Wearing only black-spandex shorts, Jon Upleger hoists Jennifer Cavanaugh aloft, where his fellow dancer spends a significant part of their performance.
Cavanaugh, clad in a flesh-colored unitard decorated with leafy-green designs, writhes in a series of acrobatic twists to ambient, leafy-green music. The pas de deux climaxes with her elfin, flab-less body balanced on Upleger’s airborne foot.
Not only do these two Terpsicorps Theatre of Dance members defy the basic laws of physics, but Upleger also manages to avoid smashing his partner into the Grey Eagle’s low ceiling during the pair’s June 13 performance there for the Summer Studio Stroll Art Auction.
That’s right — the Grey Eagle, a nightclub with a particleboard floor far better suited to beer and boots than ballet slippers. It’s not a typical venue in which to view a professional-dance act.
Then again, what Terpsicorps has taken on is not a typical challenge: North Carolina native Heather Maloy, the company’s artistic director, hopes to bring her gifted professional dancers to Asheville on a full-time basis.
“Do not try this at home, folks,” cracks audience member and WLOS-TV personality John Le as the tricky dance ends.
“I never thought I’d see that at the Grey Eagle,” he adds.
And then the auction’s bidding starts.
Trying it at home
It wasn’t the dancers who were for sale, though. Instead, it was the dedication rights to a new dance work (choreographed by Maloy) that were on the block.
Terpsicorps derives its name from “Terpsichore” (the art of dance, or the muse of dancing and choral song from Greek mythology) and “corps” (meaning group). Put those two ideas together and you get what Maloy is hoping will become this city’s first fully professional dance theater — a dream which may, in a relatively small market like this, be harder to sell than that single dance piece proved to be.
Nevertheless, Maloy — a former dancer with the North Carolina Dance Theatre (NCDT) in Charlotte — is determined to bring a professional company to Asheville, an area she believes is ready to raise the bar on dramatic arts.

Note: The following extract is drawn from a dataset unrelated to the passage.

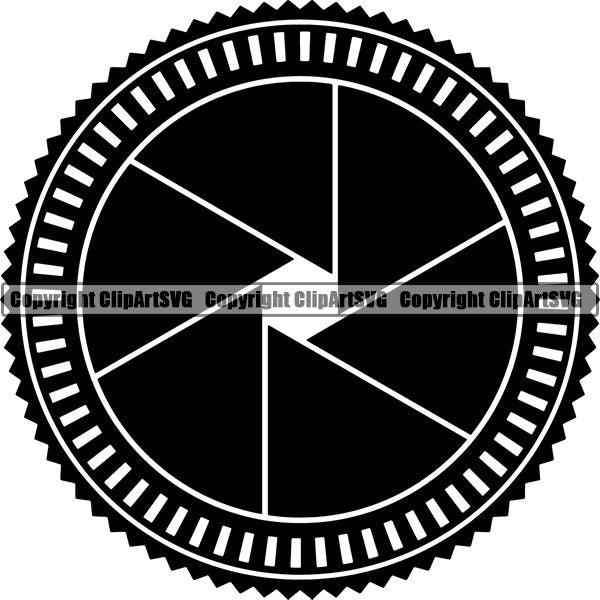 Photography Photographer Photograph Camera Shutter Speed Logo ClipArt SVG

“Asheville is well-rounded, with a professional opera [and] symphony, and two professional-theater companies,” the artistic director explains, referring to the Highland Repertory Theatre and the North Carolina Stage Company. “There are really great [dance] schools here that are training kids, and it’s important for the students to see what they’re aspiring to.”
Ann Dunn, director of Fletcher School of Dance and the strongest force in local ballet for at least the past decade-and-a-half, agrees that there is room in Asheville for Terpsicorps.
“The more dance, the better,” she declares. “Increased visibility for an art form I love and practice can only help all of us who love and practice [it].”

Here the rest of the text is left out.